▸ **ASSIGNED TASK**
Exact reproduction required: the lines below from the line with "A&F 90s High-Rise" to the line with "Residence photo 9", both ends included, and no others.

▸ **INPUT MATERIAL**
——————

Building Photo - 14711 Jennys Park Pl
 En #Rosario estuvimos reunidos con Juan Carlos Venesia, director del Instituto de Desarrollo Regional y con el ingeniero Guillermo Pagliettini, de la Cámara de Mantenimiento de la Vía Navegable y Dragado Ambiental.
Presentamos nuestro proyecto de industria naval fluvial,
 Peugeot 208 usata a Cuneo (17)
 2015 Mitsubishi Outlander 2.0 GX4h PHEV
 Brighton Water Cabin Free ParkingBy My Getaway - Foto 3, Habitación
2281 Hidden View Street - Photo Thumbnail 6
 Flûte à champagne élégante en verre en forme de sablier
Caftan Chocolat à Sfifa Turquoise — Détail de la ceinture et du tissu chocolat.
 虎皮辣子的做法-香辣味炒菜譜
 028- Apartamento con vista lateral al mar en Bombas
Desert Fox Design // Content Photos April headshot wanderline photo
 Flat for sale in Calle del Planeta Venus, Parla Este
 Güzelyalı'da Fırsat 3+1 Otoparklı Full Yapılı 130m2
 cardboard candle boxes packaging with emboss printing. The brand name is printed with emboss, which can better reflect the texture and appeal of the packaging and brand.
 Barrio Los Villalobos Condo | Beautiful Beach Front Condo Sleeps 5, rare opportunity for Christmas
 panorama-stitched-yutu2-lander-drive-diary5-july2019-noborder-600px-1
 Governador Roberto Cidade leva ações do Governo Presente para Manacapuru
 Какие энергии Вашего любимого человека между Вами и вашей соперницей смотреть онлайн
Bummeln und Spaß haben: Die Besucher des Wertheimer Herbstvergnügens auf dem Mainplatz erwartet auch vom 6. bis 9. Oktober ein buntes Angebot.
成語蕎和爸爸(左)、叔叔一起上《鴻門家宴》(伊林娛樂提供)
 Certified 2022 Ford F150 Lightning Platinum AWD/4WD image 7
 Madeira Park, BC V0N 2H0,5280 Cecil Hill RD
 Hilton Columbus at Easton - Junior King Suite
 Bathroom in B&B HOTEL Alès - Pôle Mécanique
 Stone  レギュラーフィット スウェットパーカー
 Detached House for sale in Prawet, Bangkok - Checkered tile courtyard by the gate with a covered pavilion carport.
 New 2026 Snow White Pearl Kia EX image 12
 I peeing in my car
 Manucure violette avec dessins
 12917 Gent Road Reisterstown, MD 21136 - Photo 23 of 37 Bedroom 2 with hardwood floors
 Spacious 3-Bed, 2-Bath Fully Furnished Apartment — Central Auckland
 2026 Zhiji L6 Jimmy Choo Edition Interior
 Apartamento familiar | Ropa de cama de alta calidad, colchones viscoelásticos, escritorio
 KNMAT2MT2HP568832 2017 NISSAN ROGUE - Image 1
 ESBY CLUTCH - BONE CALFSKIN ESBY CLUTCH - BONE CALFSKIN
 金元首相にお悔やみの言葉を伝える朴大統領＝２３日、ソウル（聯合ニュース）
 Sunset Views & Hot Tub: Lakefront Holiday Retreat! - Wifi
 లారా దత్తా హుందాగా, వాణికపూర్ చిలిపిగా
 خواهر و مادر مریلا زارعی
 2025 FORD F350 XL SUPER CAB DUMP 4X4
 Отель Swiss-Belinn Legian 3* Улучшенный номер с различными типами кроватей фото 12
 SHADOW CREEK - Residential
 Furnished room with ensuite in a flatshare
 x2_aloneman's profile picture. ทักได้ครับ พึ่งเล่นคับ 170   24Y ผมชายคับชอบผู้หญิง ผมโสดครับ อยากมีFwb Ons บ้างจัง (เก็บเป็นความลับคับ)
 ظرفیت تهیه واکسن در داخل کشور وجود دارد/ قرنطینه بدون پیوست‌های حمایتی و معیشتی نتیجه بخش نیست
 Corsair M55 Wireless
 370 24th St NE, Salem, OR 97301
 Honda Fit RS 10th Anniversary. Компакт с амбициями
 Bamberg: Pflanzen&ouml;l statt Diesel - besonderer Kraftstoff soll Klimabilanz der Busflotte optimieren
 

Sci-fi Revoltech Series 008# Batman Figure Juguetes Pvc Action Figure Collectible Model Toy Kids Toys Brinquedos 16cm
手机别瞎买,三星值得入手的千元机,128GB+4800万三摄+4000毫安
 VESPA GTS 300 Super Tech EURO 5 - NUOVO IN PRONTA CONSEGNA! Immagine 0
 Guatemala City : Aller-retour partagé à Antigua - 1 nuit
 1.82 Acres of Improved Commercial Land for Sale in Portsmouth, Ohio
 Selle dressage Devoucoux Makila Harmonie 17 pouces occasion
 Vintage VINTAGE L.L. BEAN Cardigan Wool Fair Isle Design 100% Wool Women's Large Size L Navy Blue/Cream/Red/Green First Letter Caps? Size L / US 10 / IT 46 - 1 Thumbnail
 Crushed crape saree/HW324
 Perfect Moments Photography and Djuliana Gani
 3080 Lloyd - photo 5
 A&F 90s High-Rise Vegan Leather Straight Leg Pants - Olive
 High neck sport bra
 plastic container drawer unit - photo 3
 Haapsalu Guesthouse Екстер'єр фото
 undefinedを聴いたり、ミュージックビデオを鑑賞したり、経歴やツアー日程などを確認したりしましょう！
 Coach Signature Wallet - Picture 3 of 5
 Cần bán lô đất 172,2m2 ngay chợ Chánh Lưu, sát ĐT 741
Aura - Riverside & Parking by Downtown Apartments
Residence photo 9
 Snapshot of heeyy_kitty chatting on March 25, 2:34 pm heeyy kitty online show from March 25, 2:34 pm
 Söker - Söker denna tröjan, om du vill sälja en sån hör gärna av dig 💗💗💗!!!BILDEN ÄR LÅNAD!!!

——————

▸ **RESPONSE TO THIS EXERCISE**
 A&F 90s High-Rise Vegan Leather Straight Leg Pants - Olive
 High neck sport bra
 plastic container drawer unit - photo 3
 Haapsalu Guesthouse Екстер'єр фото
 undefinedを聴いたり、ミュージックビデオを鑑賞したり、経歴やツアー日程などを確認したりしましょう！
 Coach Signature Wallet - Picture 3 of 5
 Cần bán lô đất 172,2m2 ngay chợ Chánh Lưu, sát ĐT 741
Aura - Riverside & Parking by Downtown Apartments
Residence photo 9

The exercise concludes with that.